There's a thread on The Gear Page - about 195 posts so far.

http://www.thegearpage.net/board/showthread.php?t=484118


----------



## shoretyus (Jan 6, 2007)

Dude. You have to let Fender do it. Seeing how smoking is banned in most bars how are you going to get that smokey look?. 

Well you could buy a patty-o-caster and have enough left over for a few smokes. Well a lot of smokes kkjuw


----------



## rhh7 (Mar 14, 2008)

What concerns me, in my budget range...this will cause MIM standards to go to at least $500-$550 U.S....and the Squier Classic Vibe '50's are going to $400-$450 U.S.


----------



## Sneaky (Feb 14, 2006)

shoretyus said:


> Dude. You have to let Fender do it. Seeing how smoking is banned in most bars how are you going to get that smokey look?.


I know a certain former "relicer" of Fender guitars and he actually did use a meat smoker as part of the aging process. 

I've owned and played a few Custom Shop relics and they were all great. I still find the concept a little hard to grasp, but as long as they play and sound good, who cares.

Pete


----------



## keeperofthegood (Apr 30, 2008)

There was, should still be, in Hamilton on McNab, towards the water-front, there is a little Portuguese store, they make a good Chorizo there. Lots of space on the walls there to hang a dozen or so body's to be smoke stained.

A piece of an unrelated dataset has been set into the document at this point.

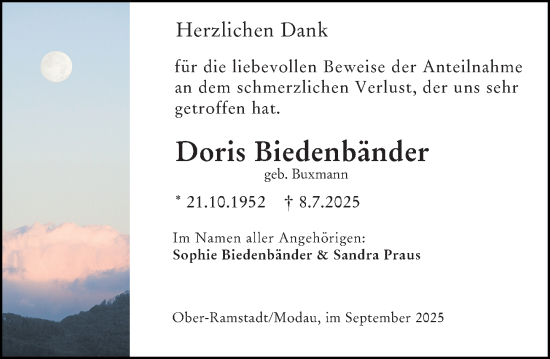 Traueranzeige von Doris Biedenbänder von Darmstädter Echo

But yes, relicing by the numbers looks bad.


----------



## Starbuck (Jun 15, 2007)

That's pretty horrible I must say.. it makes me laugh like those ripped jeans that I see are back in style now... Nothing like paying $100 for some new ripped jeans. Nasty business being trendy is.


----------



## al3d (Oct 3, 2007)

Seeing that the relic CS from fender are VERY popular, I think it's a greath marketing and sale move from fender to release a "less exepensive" relic guitar. from the video, looks like very nice relic work. Now to see how they feel and play. i'de personnaly be interested in the 57 2 tone sunburst, even been a MIM, the classic series are very good instrument at a cheap price. On the web, they are 950$ US. wich is about what i expect them to sell around here when they are released. even with exchange rate, my local store seems to find a way to keep his price very low.


----------



## Don Doucette (Jan 3, 2007)

I almost purchased a Joe Strummer tele from L&M a couple of weeks ago, LOVED, LOVED, LOVED the neck couldn't come to terms with the rest of the guitar nor the $1K price for a MIM, at the end of the day it was all too cheesy for me handle... no sale but that neck was sweet!

Don:smilie_flagge17:


----------



## bagpipe (Sep 19, 2006)

Don Doucette said:


> I almost purchased a Joe Strummer tele from L&M a couple of weeks ago, LOVED, LOVED, LOVED the neck couldn't come to terms with the rest of the guitar nor the $1K price for a MIM, at the end of the day it was all too cheesy for me handle... no sale but that neck was sweet!
> 
> Don:smilie_flagge17:


Couldn't agree more - the one I looked at was the most pathetic looking relic I had personally seen. I didn't actually try it so I cant comment on the neck. 
I wouldn't have paid $200 for it, so I was doubly shocked when I seen the sticker price.


----------